I’m sorry I’m not sorry

We’re doing company branding work at the office so evaluating how companies represent themselves to customers has been on the brain lately.

It can be interesting to debate the merits of a position in a marketplace. Should we be the low-cost, efficiency leader? Or should we offer the best customer service possible or go after a luxury segment? While one approach may be more appropriate for a given company vs another, I think the important thing is to be consistent. My personal experience tells me that when a company’s behavior lines up with who they claim to be, it usually works out fine. When it doesn’t, it’s ugly.
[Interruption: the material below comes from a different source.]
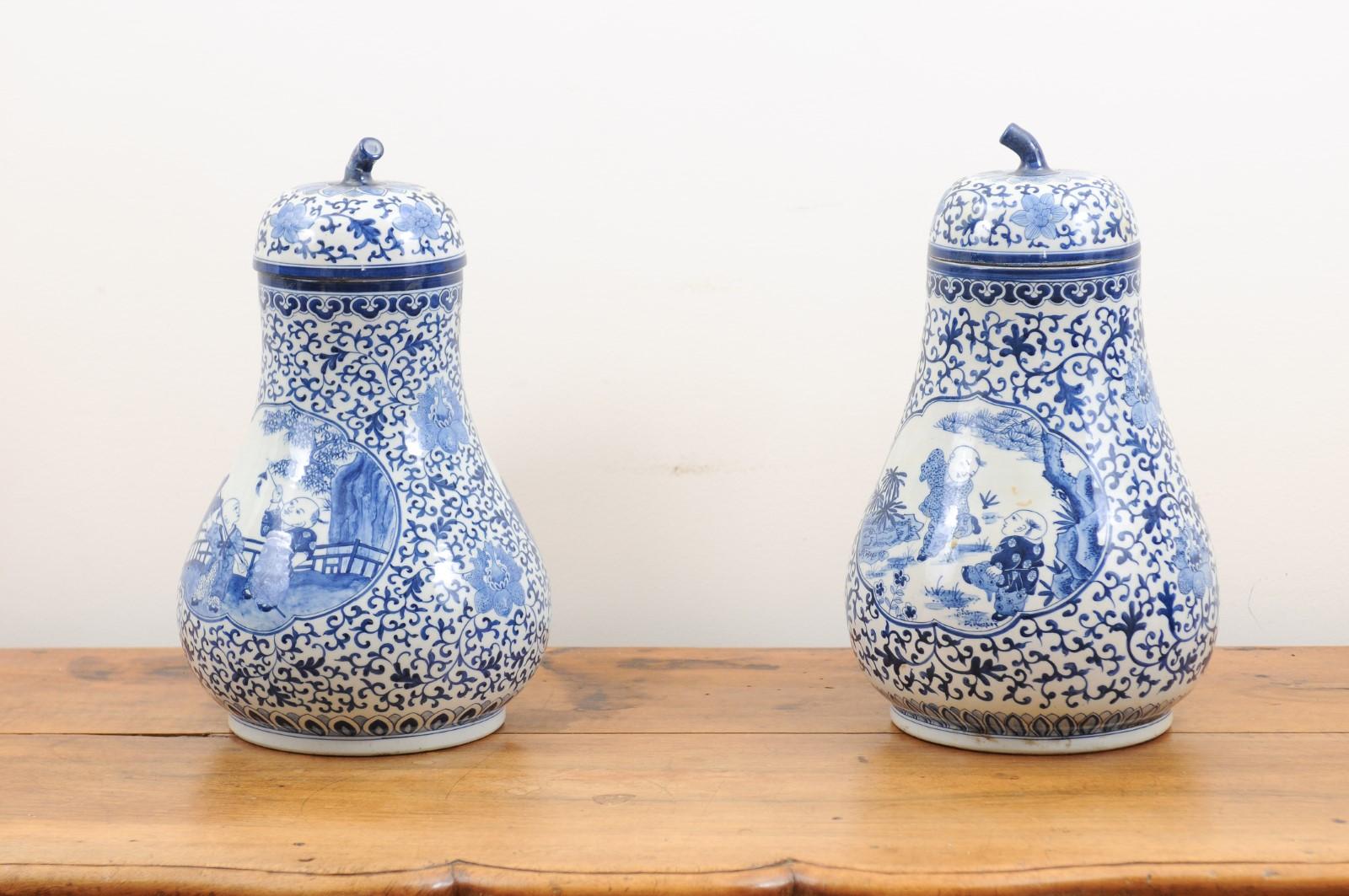 Pair of Chinese Export Blue and White Pear Shaped Porcelain Lidded Vases For Sale 6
I recently found a bogus charge on my credit card. Luckily, I saw the transaction while it was still pending and payment hadn’t been sent. So I called the bank that issued my card and told them the whole story. Their response was to tell me that they couldn’t stop the payment from going out and that I needed to call another department to place a fraud claim. Fine, whatever. When I repeated my story to the fraud department (45 minute hold time) they told me that they’d investigate and get back to me. That was over 2 months ago and still no word on the verdict, despite several phone calls from me. Now to their credit, they did issue a provisional credit to cover the amount in question while the investigation was going on. But I’m not comfortable spending that money since I don’t know whether I’ll be able to keep it or not.
All of this wouldn’t be so bad if the credit card company had painted a more realistic picture of how this would happen from the get go. I still have their sales brochure, which says things like “You won’t be held responsible for any unauthorized purchases.” My claim form says “your claim is top priority with us.” Riiiight.
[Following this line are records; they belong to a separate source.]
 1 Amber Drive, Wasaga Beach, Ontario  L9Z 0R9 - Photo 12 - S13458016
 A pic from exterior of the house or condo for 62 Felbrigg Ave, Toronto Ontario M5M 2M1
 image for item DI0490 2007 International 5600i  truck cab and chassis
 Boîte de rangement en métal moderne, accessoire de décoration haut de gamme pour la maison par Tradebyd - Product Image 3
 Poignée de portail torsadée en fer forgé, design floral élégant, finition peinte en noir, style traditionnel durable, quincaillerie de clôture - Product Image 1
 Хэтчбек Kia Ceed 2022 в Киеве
On the other hand, I checked out the local Snap Fitness earlier this week. They are a stripped down health club with about a tenth of the equipment, resources and service that Lifetime or Ballys would offer. But they don’t apologize for it. My conversation with the sales person was sugar coat free.
“Do you have showers?”
“No, most people just get in and out.”
“Okay, how about lockers for my stuff?”
“We have cubbies.”
“Alright. Where’s the drinking fountain?”
“We don’t have one.”

Not the most impressive set of features for a health club but there is no misunderstanding about what they offer. And it’s only $30 a month, less than half of the dues at Lifetime or the YMCA. I think that Snap Fitness may grab a smaller slice of the total market with this approach, but the customers that they do have will be satisfied and likely to stay.